---------- Raw data

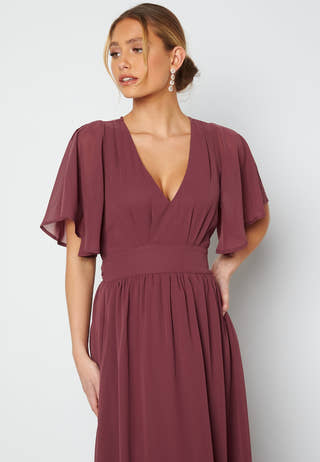 Butterfly Sleeve Chiffon Gown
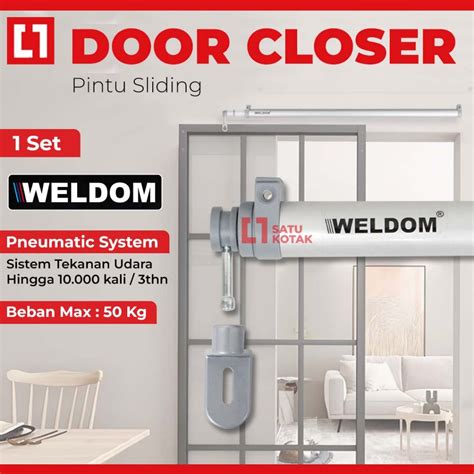 Jual Rail Door Closer Sliding Rel Penutup Pintu Geser Otomatis Weldom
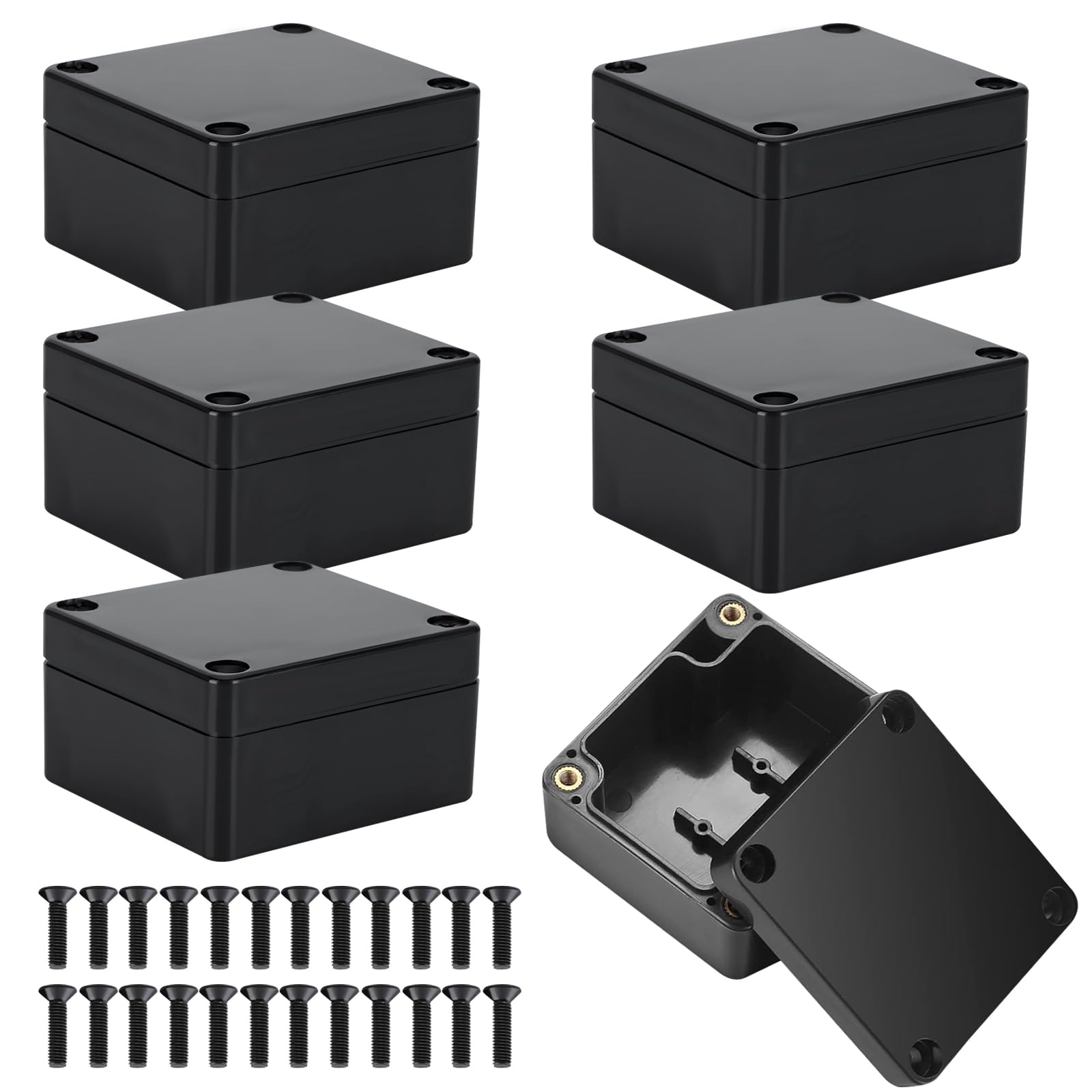 6 PCS Waterproof Junction Box, 65x58x35mm Project Box Black ABS IP65 Junction Boxes Plastic Electrical Project Boxes Enclosure Outdoor for Electronics Case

--------------------

### Task brief
Take the lines from the one that contains "Jual Rail Door" down to the last line of the listing above, both included, and set them down exactly, leaving out pictures.

### Solution to this task
 Jual Rail Door Closer Sliding Rel Penutup Pintu Geser Otomatis Weldom
 6 PCS Waterproof Junction Box, 65x58x35mm Project Box Black ABS IP65 Junction Boxes Plastic Electrical Project Boxes Enclosure Outdoor for Electronics Case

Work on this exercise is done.